The plan calls for customers to be able to choose from Sales or Service applications or the entire suite at Standard and Professional levels of functionality.
Pricing for Microsoft CRM will range from $395 per user plus $995 for the server for the Sales at the Standard level to $1,395 per user plus $1,990 for the server for the full suite at the Professional level.
Standard Edition, Sales, will include support for lead management and routing; opportunity management; correspondence/mail merge; account and contact management; activity and task management; security management; user management; calendar; business management; pre-built reports; and customization tools and utilities.
Professional Edition, Sales, will add support for workflow; sales process management product catalog; quote/order/invoices; quotas; territory management; sales literature; direct e-mail; competitor tracking; and back-office integration to Great Plains and Navision ERP applications.
Standard Edition, Service, will support case management; service requests and e-mail auto-response; problem resolution; notifications; account and contact management; activity and task management; security management; user management; calendar; business management; pre-built reports; and customization tools and utilities.
Professional Edition, Service, adds workflow, product catalog and back-office integration support, as it does for Sales, plus e-mail and contract management and routing and queuing of service requests.
Microsoft CRM, expected to be available in the fourth quarter, will be sold and implemented through Microsoft Business Solutions reselling partner channel, and partners and Microsoft Business Solutions customer support team will provide support, Microsoft officials said.

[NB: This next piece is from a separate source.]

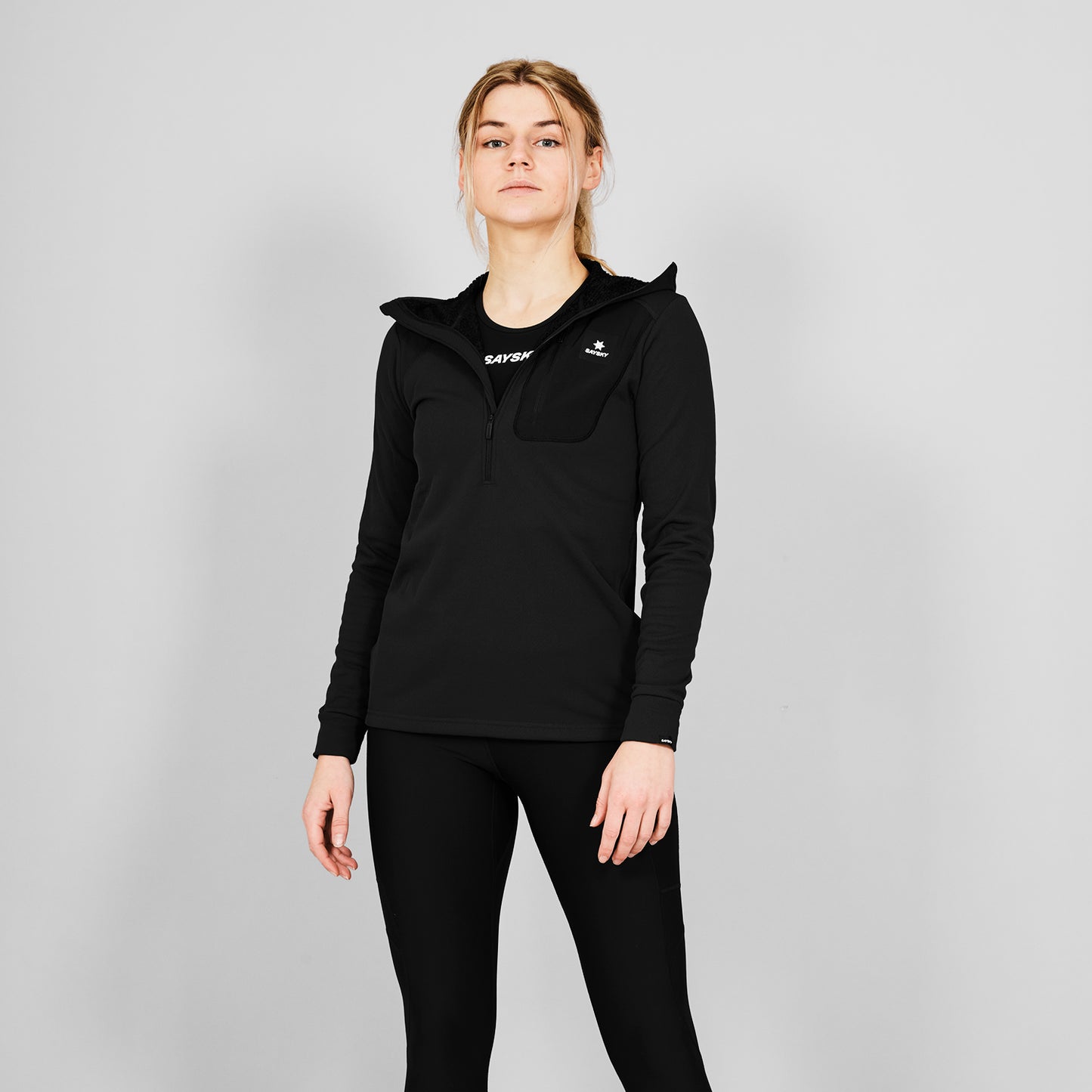 W COMBAT HALF ZIP FLEECE HOODIE | BLACK - SAYSKY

The solution will be available on premises or as a hosted solution through select partners.
Also on Thursday, Microsoft Business Solutions, which was formed from Microsofts acquisition of Great Plains last year, welcomed Navision A/S to the fold as that $1.45 billion acquisition closed. Microsoft CRM will eventually support integration with Navisions Attain and Axapta applications, officials said, in addition to Great Plains Dynamics, Solomon and eEnterprise applications.
“What were doing now is increasing our efforts to tailor a product specifically for midmarket businesses that enables them to pursue hot opportunities,” said David Thacher, general manager of CRM at Microsoft Business Solutions.